Root cause analysis also leads to an analysis of paralysis. This occurs when problems are difficult to solve in their nature. Usually, an organization is unable to deal with the aspects that can be realized but difficult to acknowledge (Andersen et al, 2009). This is common in problems that result in conflict among those involved. Lastly, in health care, there is the controversial question of whether the risk of recurrence of the problem is reduced after the root cause analysis (Wu et al, 2008).
Steps in Conducting Root Cause Analysis
The first step is the identification of the analysis team to conduct the analysis. The team should consist of individuals who have the ability to contribute effectively to the analysis process. The team leader should be drawn from the quality management team of an organization from an independent department where incidence has occurred (Flanders and Saint, 2005)
The team should identify and describe a problem.

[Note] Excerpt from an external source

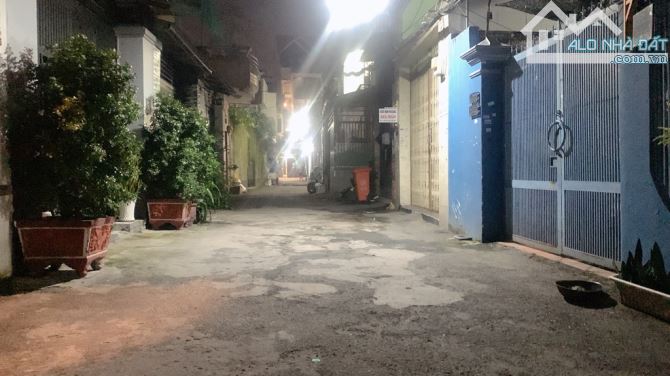 TÂN PHÚ- GÒ DẦU - HẺM 6M Ô TÔ NGỦ TRONG NHÀ, XE TẢI ĐẬU CỬA, HẺM THÔNG, SÁT MẶT TIỀN - 1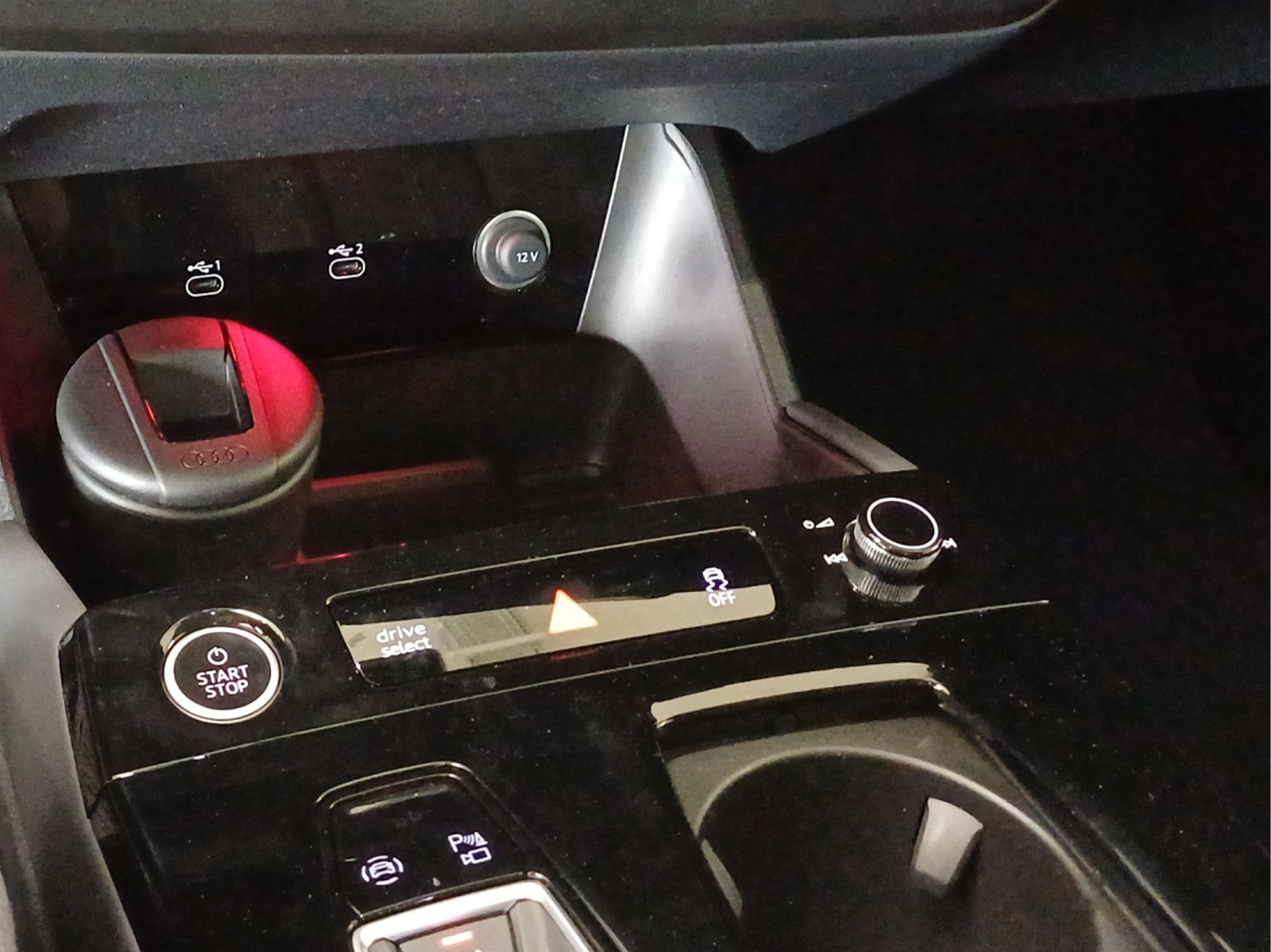 AUDI Q6 e-tron performance-image-13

This involves identifying the attributes of a problem that may be quantitative or/and qualitative. This involved describing the aforementioned variables of magnitude, nature, and place.
Thirdly, the team should gather the relevant data and evidence and arrange it in chronological order to the occurrence of the incidence. The causes found should be divided into those that contribute to the sequential chain of events and root causes. Root causes are those that if removed would eliminate or disrupt the occurrence of the incident.
The team should formulate corrective actions that would eliminate or reduce the occurrence of the incident. If possible measures that mitigate the consequences of the incident can be mentioned.
The recommended solutions are then implemented. The root cause analysis program should also be measured for success. Failure for this measurement results in the whole process being a trial and error. To measure this success, various things can be assessed. They include the ratio of the analysis conducted and incidences that trigger analysis, amount of time spent reacting to incidences, frequency and severity of the incidences before and after analysis.